In State v. Munsey, 1916, 114 Me. 408, 410, 96 A. 729, 730, this Court supplied the rule of construction:

"From the foregoing rules, well supported by authorities, it is safe to say that, in deciding upon a demurrer to a complaint or warrant charging a statutory offense, it is the first duty of the court to carefully examine the statute under which the complaint or indictment is drawn, with a view of ascertaining the intention of the Legislature and the evil which that body desired to correct.

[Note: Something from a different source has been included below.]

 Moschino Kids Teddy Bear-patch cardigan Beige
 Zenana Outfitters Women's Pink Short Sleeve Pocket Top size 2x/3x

The next consideration is whether the Legislature expressed its intention in language sufficiently full, certain, and precise, so that the person of average intelligence who may be subject to the inhibition pronounced by the statute may understand and obey. If, when tested by the court, both examinations result affirmatively, and the complaint or warrant follows the language of such a statute, it should not be held defective upon captious or hypercritical grounds. The expressed will of the Legislature should be a chart to guide * * *"

In Jenness v. State, 1949, 144 Me. 40, 46, 64 A.2d 184, 187, this Court quoted a norm for construing a penal statute:

"`The rule of strict construction of a penal law is subordinate to the rule of reasonable sensible construction, having in view effectuation of the legislative purpose, and is not to be so unreasonably applied as to defeat the true intent and meaning of the enactment.' Violette v. Macomber, 125 Me. 432, 434, 134 A. 561, 562."

By R.S.(1954) c. 134, § 12 an added category of distinct criminal offenses was listed and created for the fundamental and accredited purposes of deterrence and punishment with rehabilitation where hopefully indicated and not only for the selective and refined object of providing a health safeguard against commercialized vice.

The mandate must be:

Exceptions overruled.

Respondent may plead anew.

SIDDALL, J., did not sit.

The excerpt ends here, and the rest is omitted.